BB&T Corp. is buying an employee benefits administration company it hopes will complement its growing insurance brokerage business.

The deal for Greensboro, S.C.-based W.E. Stanley & Co., announced Tuesday, would give the bank an additional 700 clients for the administration of 401(k) plans, traditional pension plans, and other benefit plans.

Stanley would operate under its own name and management as an independent subsidiary of Winston-Salem, N.C.-based BB&T.

Including its in-house employee benefits administration arm, BB&T would have a total of 1,250 clients, mainly small and medium-size businesses, once the deal closes at the end of the month.

The new clients represent a large market for BB&T's property/casualty, life and health, and title insurance, and plans for cross-marketing are already being made, said Ken Miller, executive vice president with the bank.

"Small to medium-size businesses are our primary market," Mr. Miller said. "Our intent is to offer that market segment the broadest array of products and services to meet all their financial needs. We do expect some real synergies from this."

BB&T is one of several large banks buying market share in the employee benefits consulting arena. Mellon Bank Corp. bought Buck Consultants in 1996, and last year Bank of New York acquired Stanwich Benefits Group Inc.

Mr. Miller declined to say how much the deal cost or to predict how much it would add to BB&T's bottom line.

Winston-Salem, N.C.-based BB&T has been on an insurance agency acquisition tear over the past few years, creating one of the nation's 30 largest networks, in and around the Carolinas.

Stanley has more than 700 clients in the eastern half of the nation, largely in the Carolinas, Virginia, Maryland, and Tennessee. It designs and administers pension plans, defined-contribution plans, profit-sharing and employee stock ownership plans, health and welfare plans, executive compensation plans, and "cafeteria" benefit plans, in which employees select benefits like life, health, and dental coverage.

Louis Harvey, president of Dalbar Inc., a Boston-based consulting company, said the deal could be a boon for the cross-selling of insurance and employee benefits services.

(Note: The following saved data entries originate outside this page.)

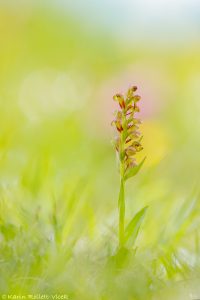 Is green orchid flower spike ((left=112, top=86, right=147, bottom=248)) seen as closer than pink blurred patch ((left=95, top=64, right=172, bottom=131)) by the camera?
Yes

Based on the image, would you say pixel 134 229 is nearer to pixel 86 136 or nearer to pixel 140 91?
pixel 86 136

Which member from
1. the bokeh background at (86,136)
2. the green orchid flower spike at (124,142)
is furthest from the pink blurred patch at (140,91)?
the green orchid flower spike at (124,142)

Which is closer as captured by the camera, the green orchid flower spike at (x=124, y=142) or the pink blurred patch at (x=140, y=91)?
the green orchid flower spike at (x=124, y=142)

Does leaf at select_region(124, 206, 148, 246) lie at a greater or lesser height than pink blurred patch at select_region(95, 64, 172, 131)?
lesser

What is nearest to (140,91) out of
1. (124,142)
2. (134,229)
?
(124,142)

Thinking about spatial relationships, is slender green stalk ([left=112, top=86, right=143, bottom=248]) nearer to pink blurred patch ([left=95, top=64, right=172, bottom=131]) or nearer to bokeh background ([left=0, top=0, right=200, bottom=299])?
bokeh background ([left=0, top=0, right=200, bottom=299])

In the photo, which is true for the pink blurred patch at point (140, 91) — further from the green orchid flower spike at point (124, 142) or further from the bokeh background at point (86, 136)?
the green orchid flower spike at point (124, 142)

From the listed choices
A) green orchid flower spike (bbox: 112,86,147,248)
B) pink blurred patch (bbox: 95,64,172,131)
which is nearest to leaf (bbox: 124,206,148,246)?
green orchid flower spike (bbox: 112,86,147,248)

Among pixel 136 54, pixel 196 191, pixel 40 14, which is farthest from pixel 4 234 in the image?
pixel 40 14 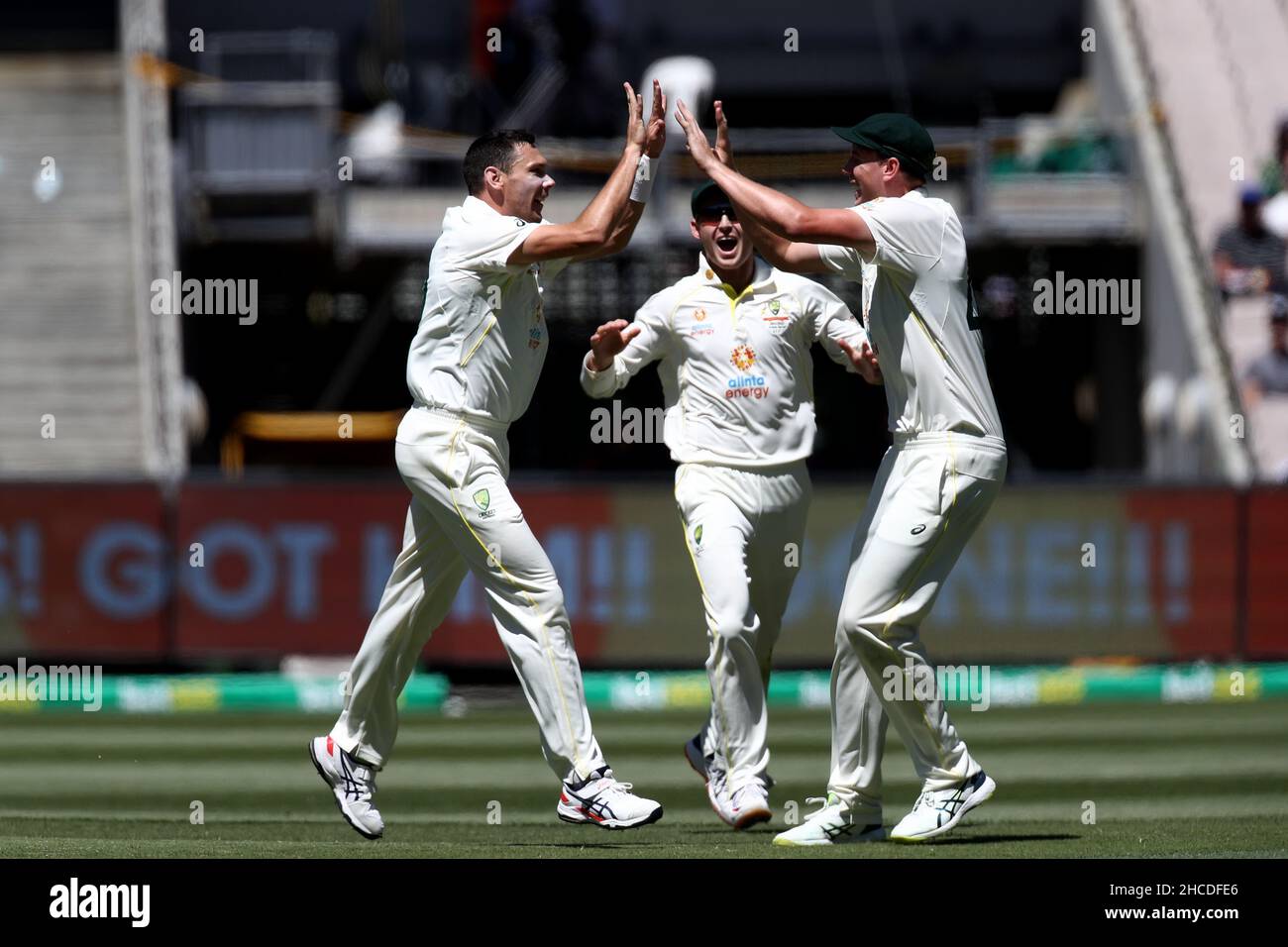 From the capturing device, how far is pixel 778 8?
2995 centimetres

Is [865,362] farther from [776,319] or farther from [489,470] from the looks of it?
[489,470]

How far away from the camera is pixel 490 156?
8508mm

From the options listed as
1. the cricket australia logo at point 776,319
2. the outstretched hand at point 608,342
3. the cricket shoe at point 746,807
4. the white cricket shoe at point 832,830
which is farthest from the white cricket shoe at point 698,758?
the cricket australia logo at point 776,319

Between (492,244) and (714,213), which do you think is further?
(714,213)

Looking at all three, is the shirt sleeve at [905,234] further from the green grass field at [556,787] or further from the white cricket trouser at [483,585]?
the green grass field at [556,787]

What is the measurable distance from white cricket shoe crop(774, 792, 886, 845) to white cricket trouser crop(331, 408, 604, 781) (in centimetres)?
82

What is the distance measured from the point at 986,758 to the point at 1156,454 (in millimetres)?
11400

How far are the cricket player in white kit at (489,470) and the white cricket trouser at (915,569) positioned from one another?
1006mm

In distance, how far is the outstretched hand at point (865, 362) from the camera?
29.1ft

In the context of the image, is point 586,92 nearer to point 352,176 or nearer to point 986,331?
point 352,176

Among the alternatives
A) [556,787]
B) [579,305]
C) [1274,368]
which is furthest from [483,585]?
[579,305]

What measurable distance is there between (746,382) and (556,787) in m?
2.73

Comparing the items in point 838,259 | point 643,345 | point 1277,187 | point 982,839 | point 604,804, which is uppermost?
point 1277,187

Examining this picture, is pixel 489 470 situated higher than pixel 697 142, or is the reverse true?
pixel 697 142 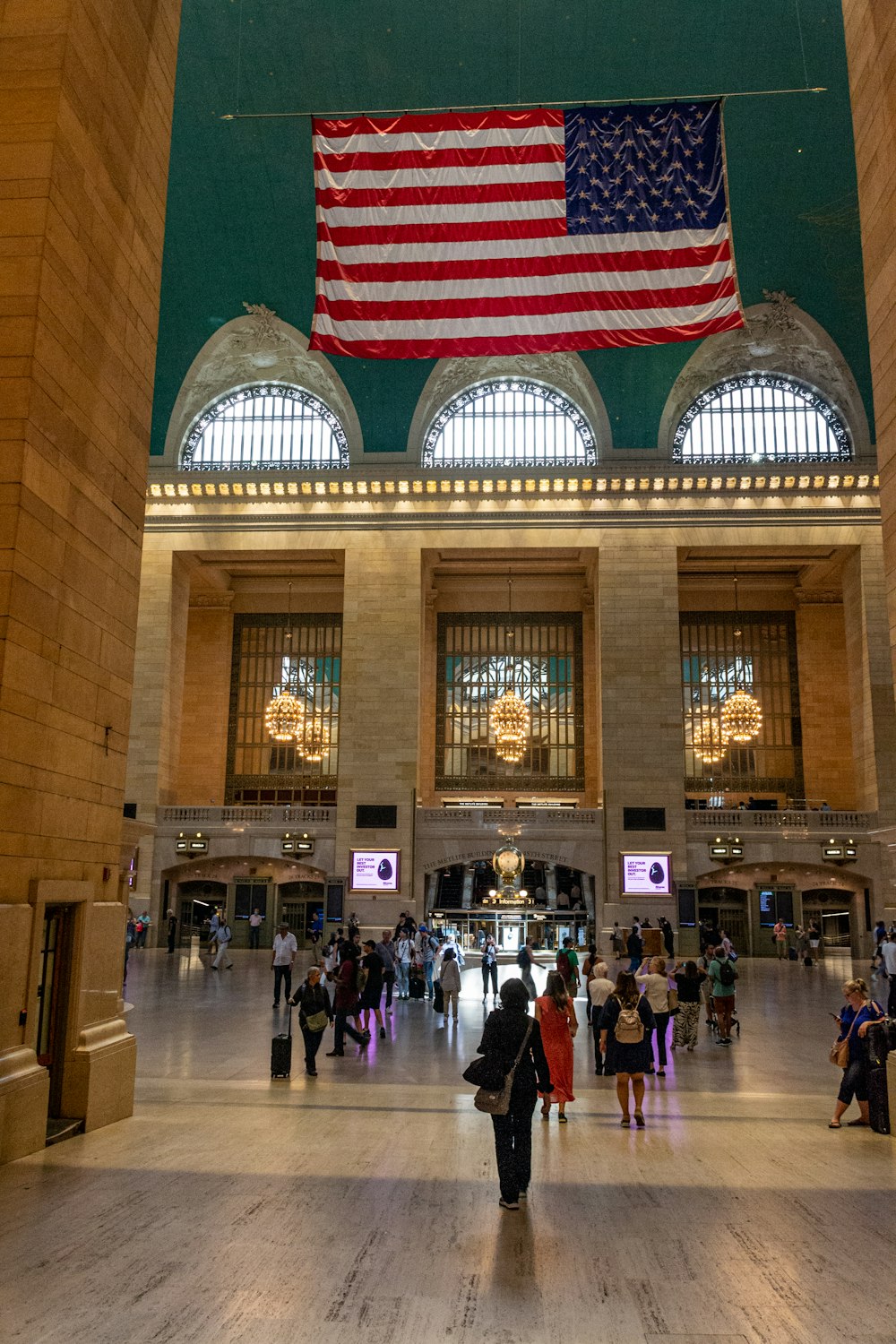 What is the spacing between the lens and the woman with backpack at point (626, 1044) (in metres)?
7.44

But he questioned the bank's decision not to merge Stanley with its in- house business, a move that would create economies of scale.

"It's low-margin, hard work," he said of the business in general. "The reason is that there's no scale."

But Mr. Miller said BB&T did not want to make any move that would change Stanley's independent status or affect its client relationships.

"We don't want to do anything to detract from the value of their relationships," Mr. Miller said.

BB&T's in-house administration business is run out of the bank's trust department.

BB&T Corp., a multibank holding company with $31.5 billion of assets, operates 521 banking offices in North Carolina, South Carolina, and Virginia.